After stealing her getaway vehicle with barely a tinge of nervousness, she discards her black wig, trying in her own internal way to return to the young woman she once was, filling the shelves of a gas station. She bites her lip with the faint wisp of a faraway dream hanging about her, drawing us in completely to her two-sided moral coin. It’s a clever rewind that captivates, and as written by Tom Dean (“Charlie Harper“) with a sharp, slick charm, much like the handsome grifter that walks into a gas station and alters the star-struck Caroline in those first few moments, we can’t help but want to join them.

And who can blame us, or her? Kyle Gallner (“Strange Darling“), as the con artist drifter, is as sexy, compelling, and intoxicating as anyone could hope for, pulling us onto the dance floor with ease to the sound of the titular country music song by Jonathan Edwards, played slow and steady. He’s a charmer of the highest of gangster order, in such a way that we can’t help but want to join him there, desiring with all our hearts to be held tight and whisked away. He’s obviously one of those dangerously seductive men, the kind your mother warned you about but can’t be denied. It’s as stereotypical as it sounds, but also the most familiar story that we all know so well. And love. Like Bonnie to Clyde, we can’t help ourselves.

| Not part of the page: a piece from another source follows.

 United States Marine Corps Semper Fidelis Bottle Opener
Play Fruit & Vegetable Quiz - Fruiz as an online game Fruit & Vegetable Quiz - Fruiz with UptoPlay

We see her fall for him, in the way Weaving suggestively bites her lip uncontrollably, and gazes into his eyes, demanding, in her own way, that he also must want her as bad as she wants him. She jumps headfirst into that growling roadster of his, happily, yearning for more than the small, listless life she is living with her loving single father, played solidly by the gifted Jon Gries (“The White Lotus“). Leaving that dusty, dull world, Caroline openly and giddily wants to learn from this sly conman. She practices everything — from slicing a few dollars away from the sales clerk to pickpocketing a businessman on his way. But it’s bank robbing that really turns the tables, shifting their exciting road trip to some greater moneyed glory, that becomes an endless adrenaline ride toward fortune. With an outcome that we see coming miles away.

Caroline is almost drunk with the excitement, until she comes face to face with her history and possibly her future, in the form of the incredible Kyra Sedgwick (“The Closer“) as the woman who left her behind years ago. It’s a reunion that breaks the rose-colored glasses, in a way, and, like their counterparts, Bonnie and Clyde, when things go wrong, they go wrong in the biggest of ways, sending Caroline into a tailspin that wasn’t part of the getaway plan.

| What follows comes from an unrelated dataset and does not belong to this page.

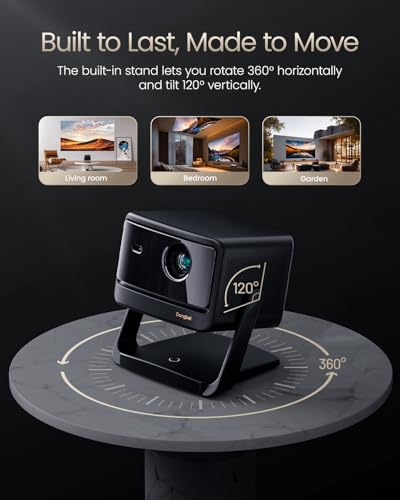 Dangbei DBOX02 Pro 4K Projector GTV  2000 ISO Lumens  HDR10   Dolby Audio  3D Ready  Auto Keystone/Focus  300 Screen  WiFi & Bluetooth Home Theater Projector for Bedroom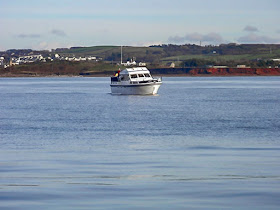 Photo of Ravensdale out on the Solway Firth on Monday. Photo by Glyn Dixon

With its dusty motels, stolen pickups, and slow country ballads, “Carolina Caroline” captures the mythic pulse of Americana while charting the moral drift of a woman on the run. Rehmeier (“Dinner in America”) finds the core truth in this seduction, and it sizzles and crackles with undeniable chemistry. Gallner and Weaving ride that wild, intoxicating wave, dancing out the details in an authentic yet classic Western tableau, slicing small-town Americana as seamlessly as those first few grifts. We fly off with them, like birds on a wire, ready to take flight, even as we know the quarry plunge is coming. “Carolina Caroline” isn’t just a road movie or an outlaw romance echoing Bonnie and Clyde; it’s a fever-dream of temptation and consequence, where every stolen kiss and every stolen dollar propels Caroline closer to the person she believes she wants to be — and to the inevitable crash when she realizes her mistake.